Des milliers de mineurs subissent des violences qui laissent des cicatrices invisibles mais indélébiles dans la province de l’Ituri, se plaignent la société civile et les structures citoyennes.

Ces organisations ont tiré la sonnette d’alarme à l’occasion de la Journée internationale des enfants victimes innocentes d’agressions, célébrée le 4 juin de chaque année.

L'histoire d'Anuarité illustre ce drame silencieux

Réfugiée avec ses parents sur le site de déplacés de Kigonze à Bunia depuis l'âge de huit ans, elle grandit dans le dénuement le plus total. 

Soigner les traumatismes de guerre

Pour Marthe Dheve, vice-présidente du Collectif de femmes leaders de l'Ituri, la reconstruction de la province passera impérativement par la guérison psychologique de sa jeunesse :

« Quand ces enfants ont subi ou ont vécu des actes d’agression, ils restent avec des séquelles. C’est la raison pour laquelle ils sont profondément traumatisés. Il faut un accompagnement psychologique urgent pour les aider à sortir de cet état ».

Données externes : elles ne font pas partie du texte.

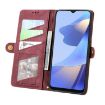 OPPO A54 5G/A74 5G/A93 5G Red Leather Phone Case - 3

La place de l'enfant n'est pas au front

L'autre fléau majeur qui guette les mineurs de l'Ituri reste leur enrôlement aux milices locales. Un crime de guerre face auquel Gloire Abasi, président du Parlement des enfants de l'Ituri, a tenu à lancer un avertissement sévère aux seigneurs de guerre :

« L’enfant, sa place n’est pas dans les groupes armés. Que ceux qui recrutent des enfants sachent que demain ils répondront de leurs actes devant la justice. »

Ce leader d'opinion a également interpellé le gouvernement congolais, lui demandant d'assumer sa responsabilité première en faisant respecter la loi de 2009 portant protection de l’enfance. Alors que l'insécurité persiste, les défenseurs des droits de l'homme rappellent que sans éducation ni prise en charge psychosociale, c'est tout l'avenir de la région qui est hypothéqué.